##### RECORDED INFORMATION #####
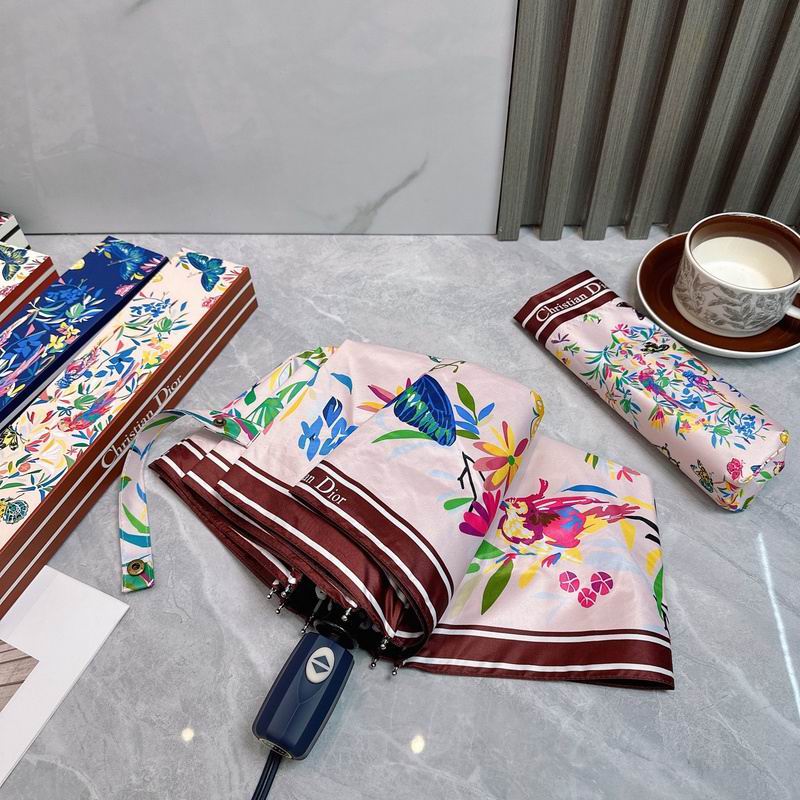 Dior Umbrella hm (64)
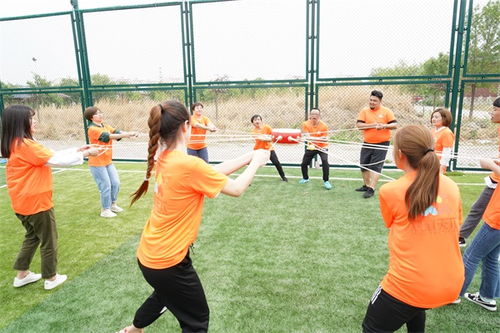 名航企業(yè)管理咨詢(xún)服務(wù) 天津團(tuán)隊(duì)拓展訓(xùn)練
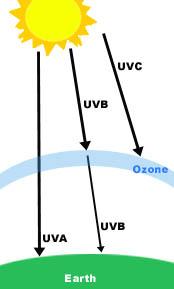 The ozone problem O 3 absorbs the sun s UVC rays and most of the UVB rays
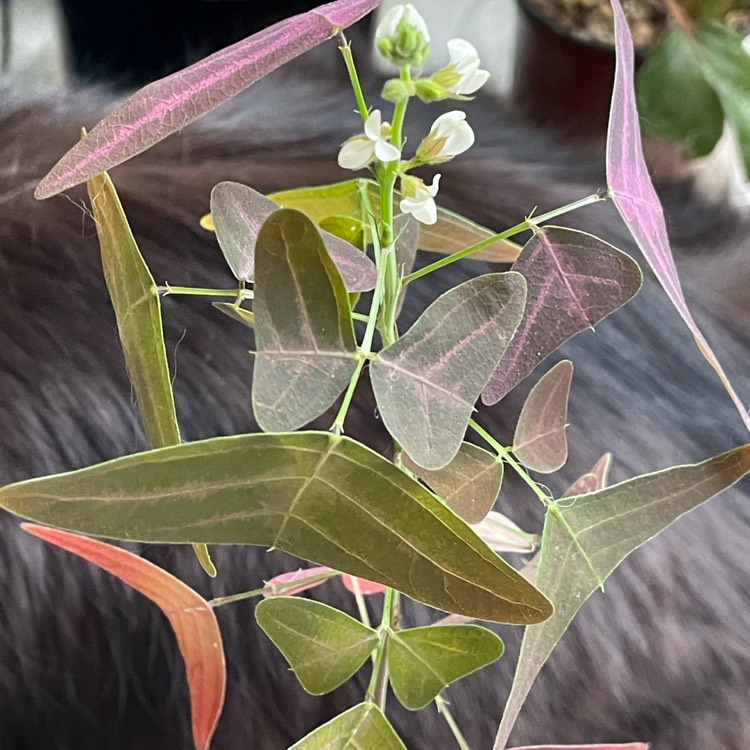 Plant image Christia Vespertillionis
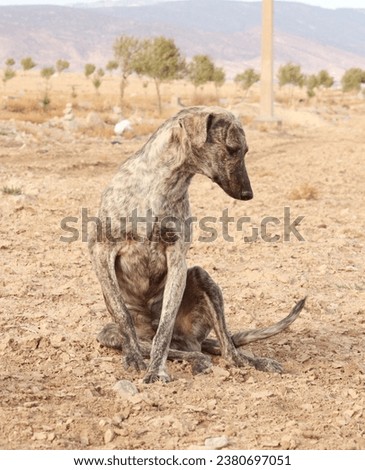 I found a hungry dog, fed him, and then took some pictures of him
In Ain Touta, Batna
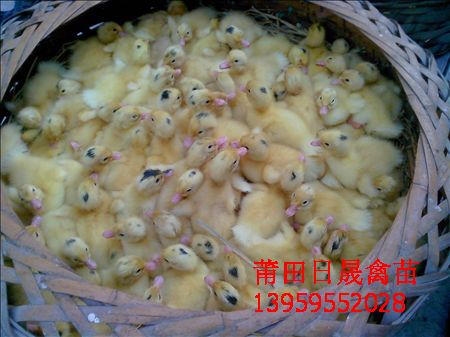 福建番鸭苗%%福建白羽番鸭苗%福建黑羽番鸭苗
#####
▶ [WHAT YOU WILL DO] Please give an exact copy of the lines from the line containing "Plant image Christia Vespertillionis" through the end of the records above, pictures excluded.

▶ [TASK SOLUTION]
 Plant image Christia Vespertillionis
 I found a hungry dog, fed him, and then took some pictures of him
In Ain Touta, Batna
 福建番鸭苗%%福建白羽番鸭苗%福建黑羽番鸭苗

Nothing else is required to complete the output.